次に、 /etc/apache2/vhosts.d/00_default_vhost.conf に、以下の行を追加します。先程と同様、username には、あなたのユーザ名を入れて下さい。
<Location "/trac/testproject">
SetHandler mod_python
PythonHandler trac.web.modpython_frontend
PythonOption TracEnv /var/lib/trac/ntop
PythonOption TracUriRoot /trac/ntop
</Location>

<Location "/trac/testproject/login">
AuthType Basic
AuthName "user-name"
AuthUserFile /etc/apache2/trac.htpasswd
Require valid-user
</Location>

以上で trac の基本的な設定は完了です。 apache を起動してみましょう。

# /etc/init.d/apache start

ブラウザで http://localhost/tracにアクセスしてみましょう。tracの画面が表示されるはずです。

コミット時にチケットをクローズ

以上で基本的に subversion と trac を利用できますが、更に便利にしてみましょう。

ソースをコミットする時に、自動的に関連する ticket をクローズするようにして、更にはオープンなチケットをクローズしないコミットを受け入れないように設定してみましょう。

まず、trac に付属しているフックファイルを移動します。どこでもいいのですが、今回は subversion のレポジトリ内の hooks ディレクトリに置いてみましょう。

# cd /usr/share/doc/trac-*/contrib/
# cp tac-post-commit-hook.bz2 trac-pre-commit-hook.bz2 /home/repos/hooks
# cd /home/repos/hooks
# bzip -d *bz2

次に hook ファイルを作成します。

/home/repos/hooks 内に以下の二つのファイルを作成し、実行ファイルにします。

pre-commit

#!/bin/sh

REPOS="$1"
TXN="$2"
TRAC_ENV='/var/lib/trac/ntop'
LOG=`/usr/bin/svnlook log -t "$TXN" "$REPOS"`
/usr/bin/python ${REPOS}/hooks/trac-pre-commit-hook "$TRAC_ENV" "$LOG" || exit 1

post-commit

#!/bin/sh

REPOS="$1"
REV="$2"
LOG=`/usr/bin/svnlook log -r $REV $REPOS`
AUTHOR=`/usr/bin/svnlook author -r $REV $REPOS`
TRAC_ENV='/var/lib/trac/ntop'
TRAC_URL='http://localhost/trac/ntop'
/usr/bin/python ${REPOS}/hooks/trac-post-commit-hook \
 -p "$TRAC_ENV"  \
 -r "$REV"       \
 -u "$AUTHOR"    \
 -m "$LOG"       \
 -s "$TRAC_URL" || exit 1
# chmod +x post-hooks pre-hooks

これで、コミット時にオープンなチケットへの言及がないファイルはエラーとなります。

チケットへの言及は、 closes #2 などと書きます。closesはコマンドで、#2 がオープンなチケット番号です。

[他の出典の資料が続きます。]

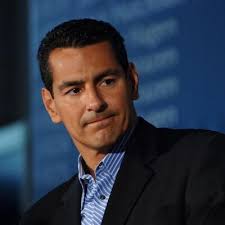 Tom DeLozier (@ThomasDeLozier)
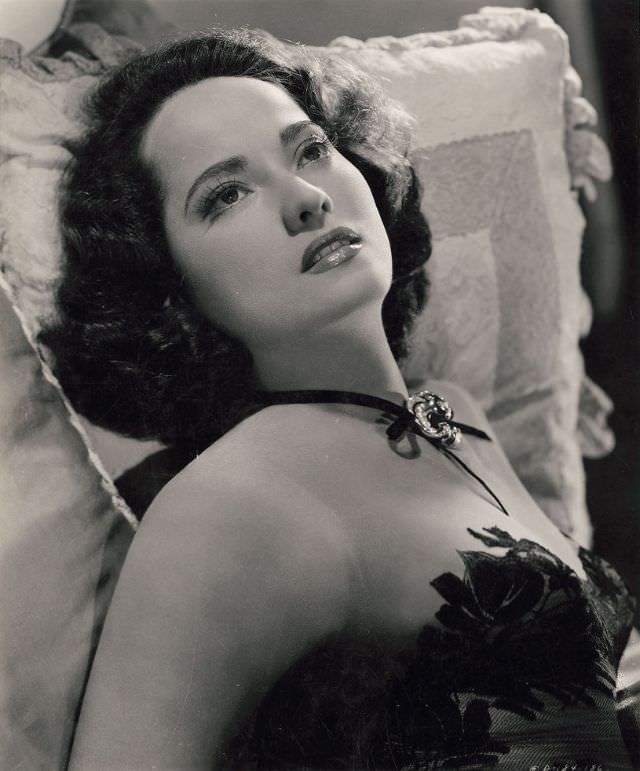 Merle Oberon from First Comes Courage, 1943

コマンドはclosesの他に fixes, addresses, references, refes, re などがあります。fixes #2 and #4fixed #2 & #4 という書き方もできるようです。


参照

仕様書いらずの新ネットサービス構築法……仕様書なしで、ソニーの映像共有サービス「eyeVio」の構築に際し、機能要求を ticket を切ることで管理した事例を紹介。

チケット駆動開発 … ITpro Challenge のライトニングトーク (4) - まちゅダイアリー ...……タイトル通りチケット駆動の開発を紹介。